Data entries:
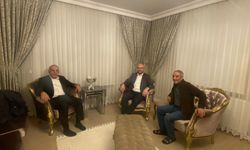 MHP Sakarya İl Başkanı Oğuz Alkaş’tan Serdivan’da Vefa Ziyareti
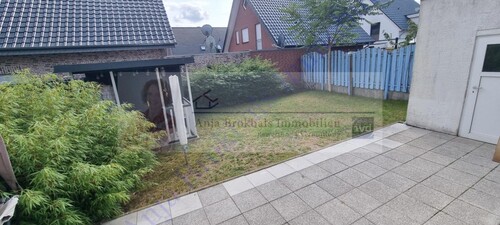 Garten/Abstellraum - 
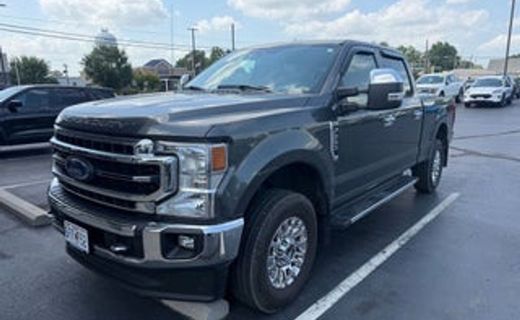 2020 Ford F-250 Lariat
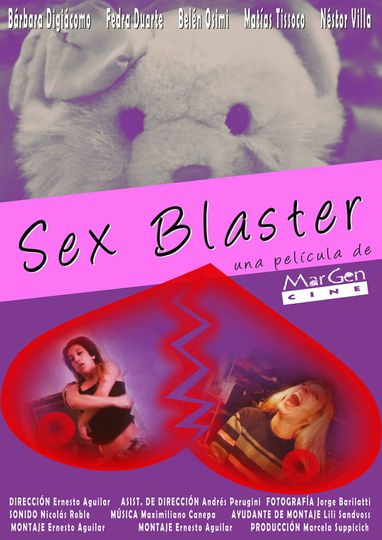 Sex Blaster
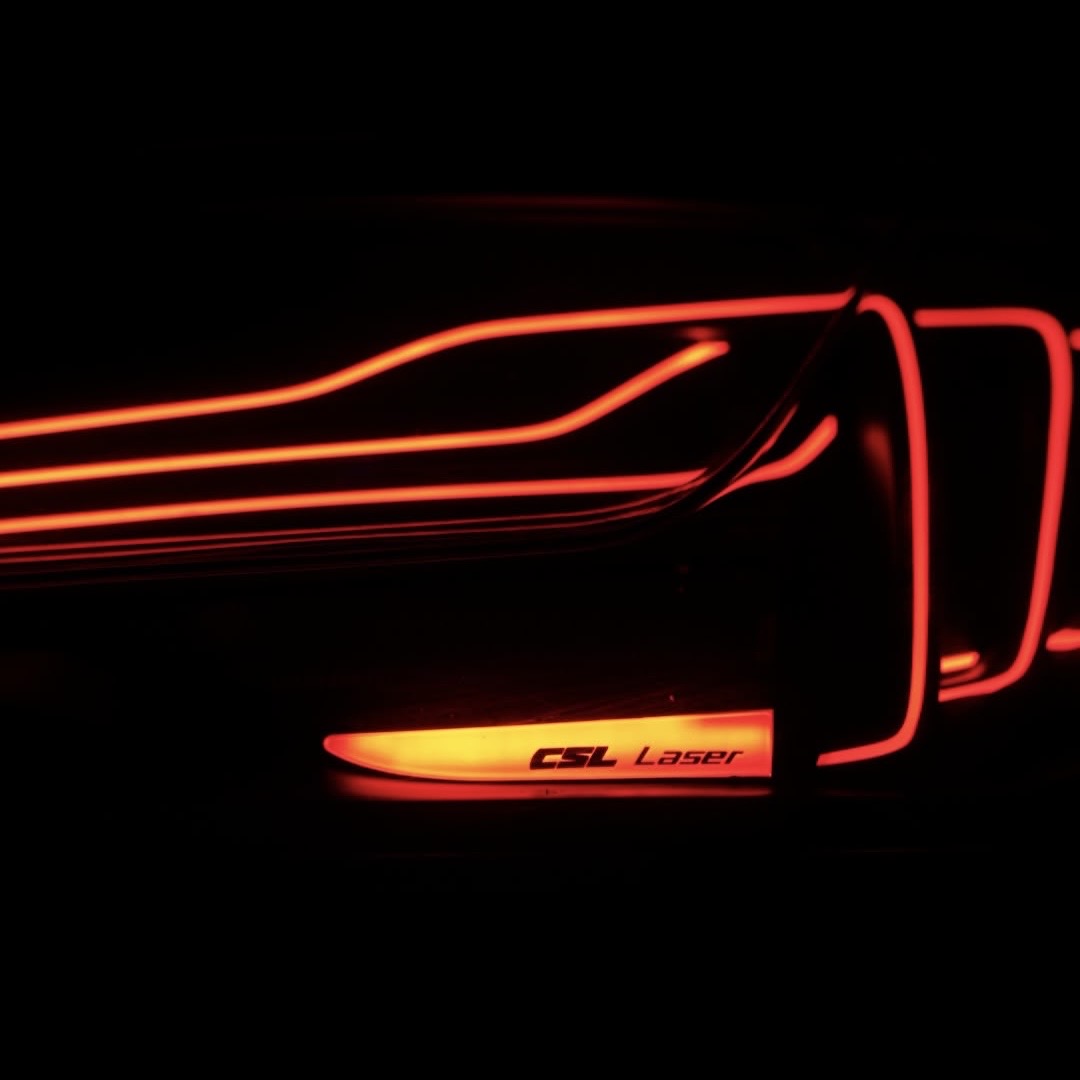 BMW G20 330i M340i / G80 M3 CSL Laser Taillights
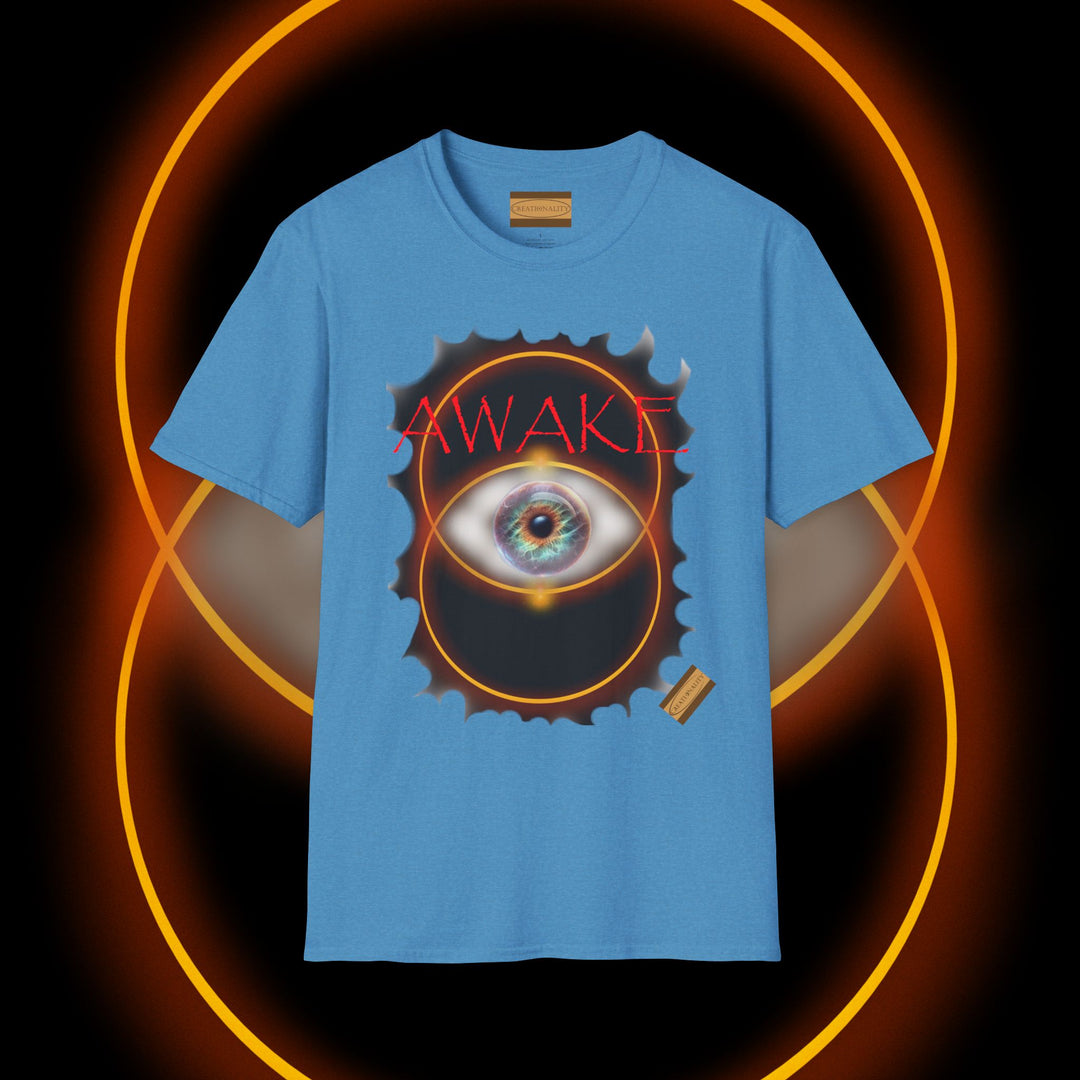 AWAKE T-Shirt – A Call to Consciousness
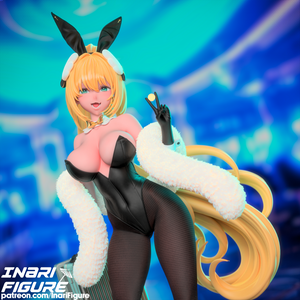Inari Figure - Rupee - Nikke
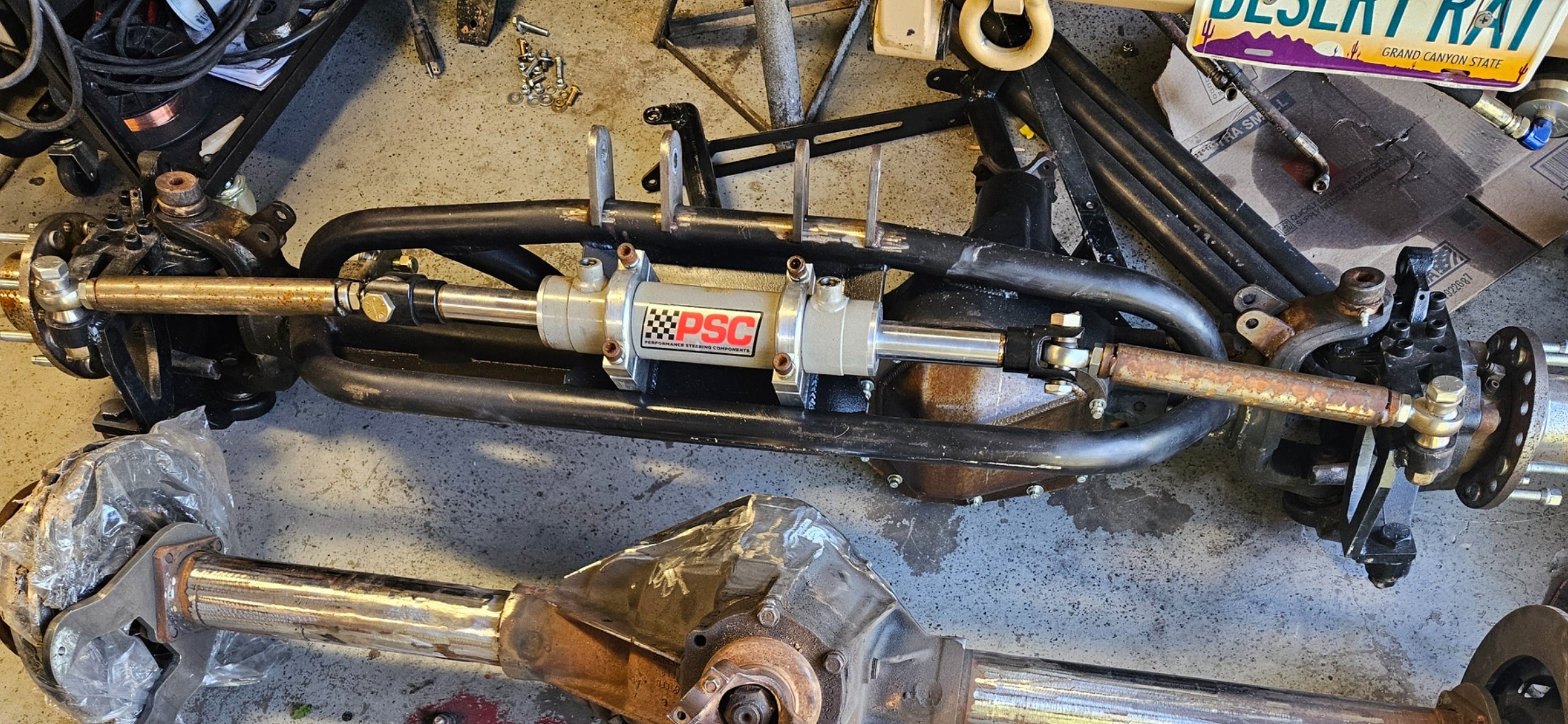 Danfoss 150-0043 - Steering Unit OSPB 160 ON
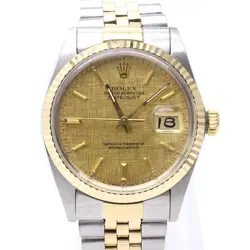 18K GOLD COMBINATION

BRIEF: Print the records above exactly, minus pictures.

YOUR SOLUTION:
 MHP Sakarya İl Başkanı Oğuz Alkaş’tan Serdivan’da Vefa Ziyareti
 Garten/Abstellraum - 
 2020 Ford F-250 Lariat
 Sex Blaster
 BMW G20 330i M340i / G80 M3 CSL Laser Taillights
 AWAKE T-Shirt – A Call to Consciousness
Inari Figure - Rupee - Nikke
 Danfoss 150-0043 - Steering Unit OSPB 160 ON
 18K GOLD COMBINATION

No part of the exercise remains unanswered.